Magic as Real as Gravity

By Matthew DanielsPublished 2 years ago Updated 9 months ago 14 min read
2
To Frieze an Angel
Photo by Matt Forster on Unsplash

Haran solved problems only people in his circles could appreciate. Others admired him for the mountains he climbed. No one cared about a dawn so grey you could chew on it. No one noticed magenta edging a rocky skyline like the rising of world powers. He was paid for the photograph by helicopter at 8200ft. He was sponsored so the supporters could profit from that admiration.

Which was why his gear matched.

It was mostly black with splashes of red on the backpack, coat, gloves, and snow pants. Some accents of silver. Heavy-duty everything. He’d even been professionally barbered before he set out. He was risking his life, braving the elements, and photo-ready.

All of this was part of the trick, of course: keep the mind warm, like rubbing mental hands. Especially with powdered wind and dreamy daylight bringing out so much white that it hurt the teeth.

Haran shook his head.

He trudged.

Think warm thoughts. Half a dozen bodies so far. Think warm thoughts. An arm stuck out from one drift. There was a pile of rocks with a backpack, crouching on the body of its owner like a slug. Fabric and sponsorship logos. Think warm thoughts.

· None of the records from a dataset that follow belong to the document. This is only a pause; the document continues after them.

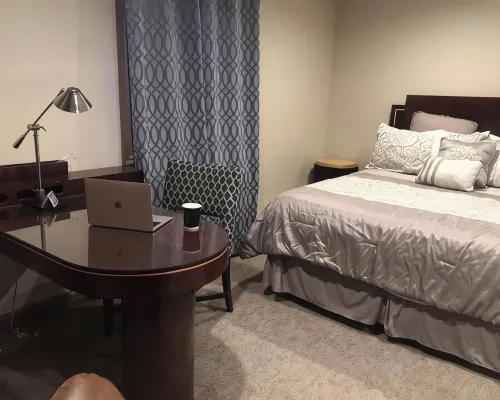 Baltzell Lodge Hotels in Great Bend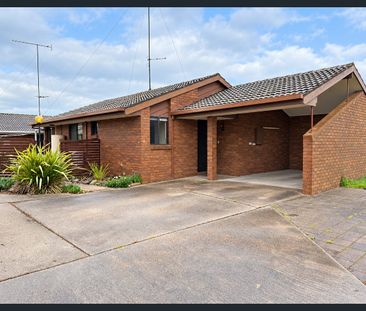 Low-Maintenance Living in a Convenient Location - Photo 4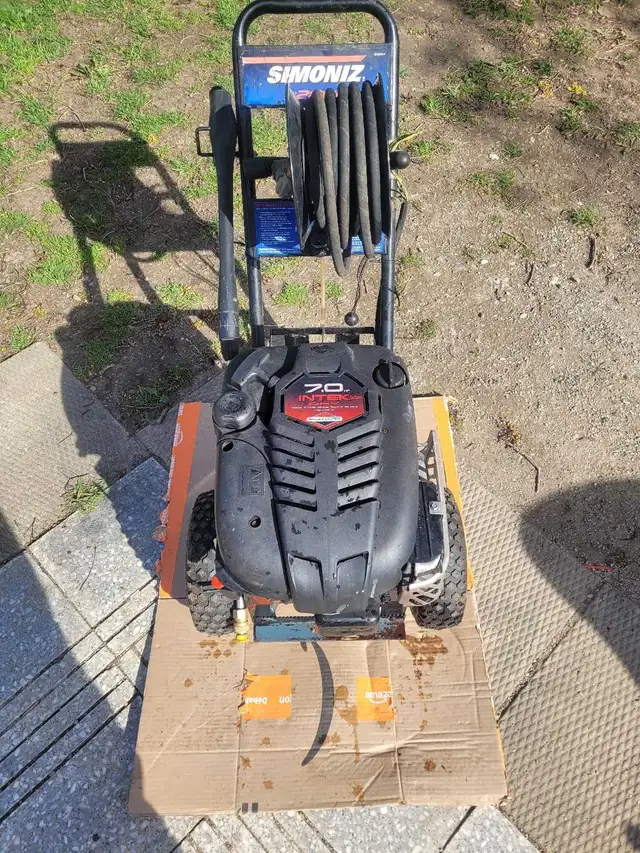 Simmons 2800 PSI Pressure Washer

He thought about appreciation. Haran had his fellow climbers, good friends, fans, and media attention. Money. He was something of an extravagant minimalist. Why would he need a grand piano, a gigantic lawn, or a personal library? Such things couldn’t be slung over the shoulder. His work meant travel and he did it in style.

His needs were covered.

Many things were covered here. Including sound. The silence of the breathing tidal wave crept upon the back of his neck. He knew, in the way that a farmer talks to the sun with his bones, that he could not stay or huddle. He could not outrun what was coming, could not dodge it.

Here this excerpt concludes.